At Independent Forum, Optimism on Iowa Results
By Keith B. Richburg
NORMAN, Okla. -- New York Mayor Michael R. Bloomberg rolled his independent non-campaign for president into Sooner country today, declaring once again "I'm not a candidate" as he joined a bipartisan forum of mostly former elected officials seeking new ways to solve Washington's partisan gridlock.
The conference was organized by former Democratic senator David L. Boren, now president of the University of Oklahoma. It was intended to send a signal to all the candidates for president that the nation is yearning for a return to bipartisanship to solve pressing problems, from the need for investment in infrastructure to making Social Security solvent for the retiring baby boom generation.
But while much of the focus here was on Bloomberg -- who was trailed here by a large New York media contingent -- some of the spotlight had already shifted to New Hampshire, where Sen. Barack Obama (D-Ill.) was trying to build on his win in the Democratic caucuses in Iowa by making the very same appeal for unity among Democrats, Republicans and independents.

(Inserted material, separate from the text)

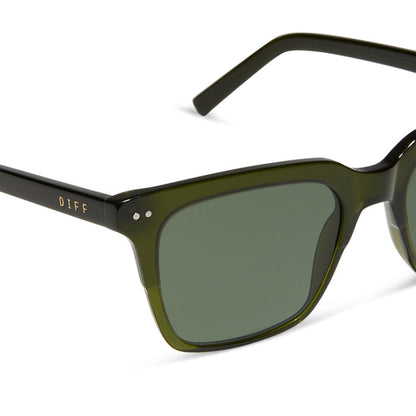diff eyewear featuring the billie square sunglasses with a dark olive green crystal frame and g15 polarized lenses detailed view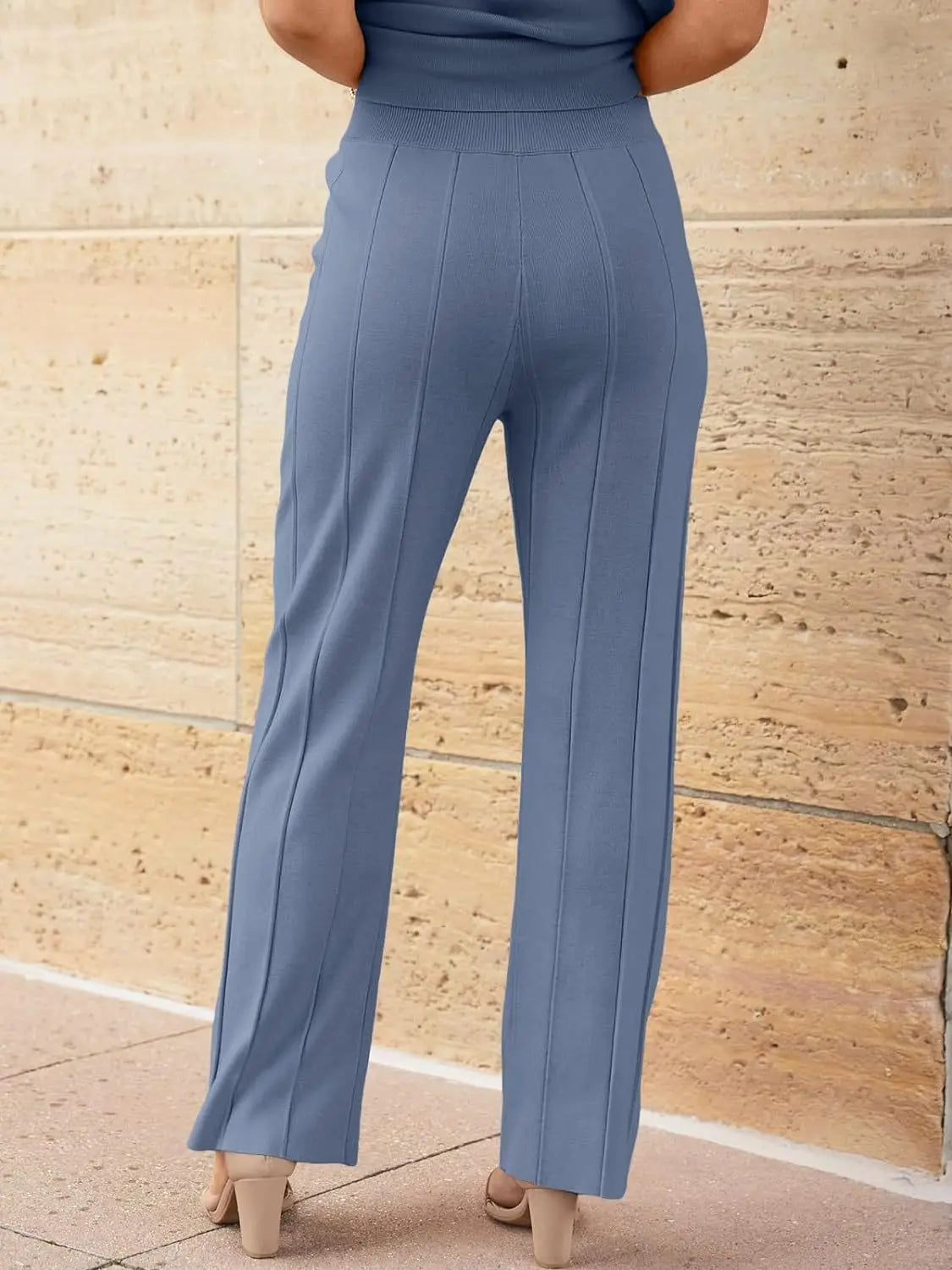 Summer Soft Knit Sleeveless Vest and Wide Leg Pants Set for Women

"This meeting was scheduled prior to the Iowa caucuses," said Boren. Without naming Obama, he added, "I do think we see some emerging signs" of bipartisan appeals in the presidential race.

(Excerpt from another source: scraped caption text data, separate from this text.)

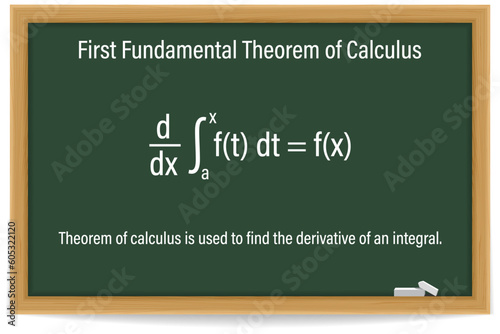 First Fundamental Theorem of Calculus. Math. Vector illustration.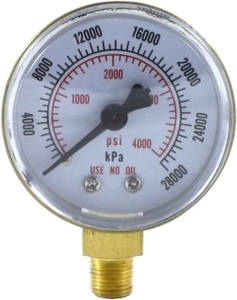 Regulador de Oxigênio JZWELD Y-50 de 2 Polegadas com Manômetros de Pressão Baixa e Alta - 0-100 psi & 0-4000 psi Rosca de 1/8\" - Product Image 1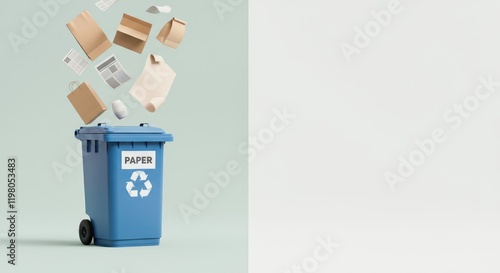 Blue recycling bin for paper products with papers in mid-air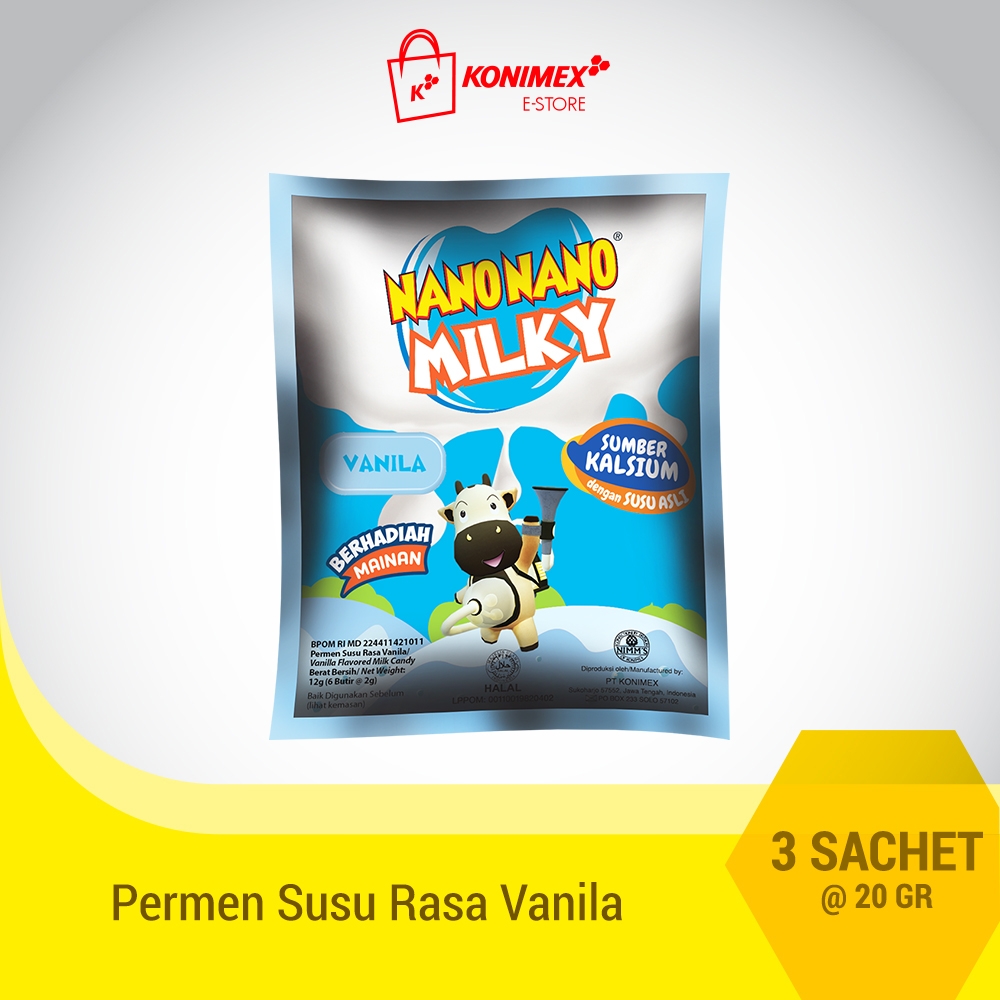 Nano Nano Milky Vanila 3 sachet Permen Susu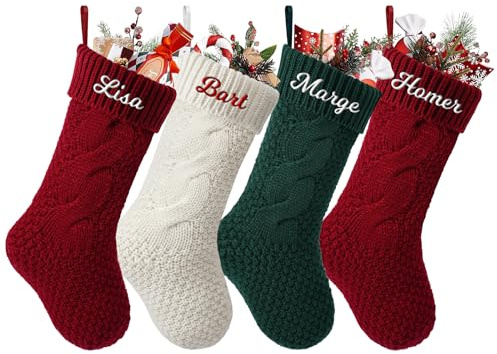 SearchI Gestrickte Weihnachtsstrümpfe Personalisiert 18” Großer Individuelle Bestickte Name Nikolausstrumpf mit Benutzerdefinierte Christmas Stockings für Feiertags, Kamin, Familienparty, Dekoration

"I hope you're right," Bloomberg said, when asked if the meeting had become redundant given the results from Iowa. "I hope all of the candidates say the public is tired of the partisanship and the special interests."
The group included, among others, several former senators known for their willingness to work across party lines when in Washington -- Democrats Bob Graham of Florida, Charles S. Robb of Virginia, Gary Hart of Colorado and Sam Nunn of Georgia, and Republicans Bill Brock of Tennessee, William S. Cohen of Maine and John Danforth of Missouri.
Sen. Chuck Hagel (R-Neb.), who is often mentioned as a possible running mate for Bloomberg on an independent ticket, was the only serving senator to attend.
After several hours of discussion, Sunday night and early Monday, the group came out with what it called a "joint statement of principles," urging all the presidential contenders in both parties to outline plans to establish a government of national unity, appoint a bipartisan cabinet of experts, and form bipartisan policy groups in critical areas such as national security.
"Rampant partisanship has polarized the ability of government to act," said Nunn, reading the group's joint statement. "If we unify, we can turn America's peril into America's promise."
Asked whether the presidential candidates would really be open to the bipartisan appeals of the panel in the heat of the primaries, Bloomberg said, "I think all the members of the panel are optimistic that the candidates will listen to us."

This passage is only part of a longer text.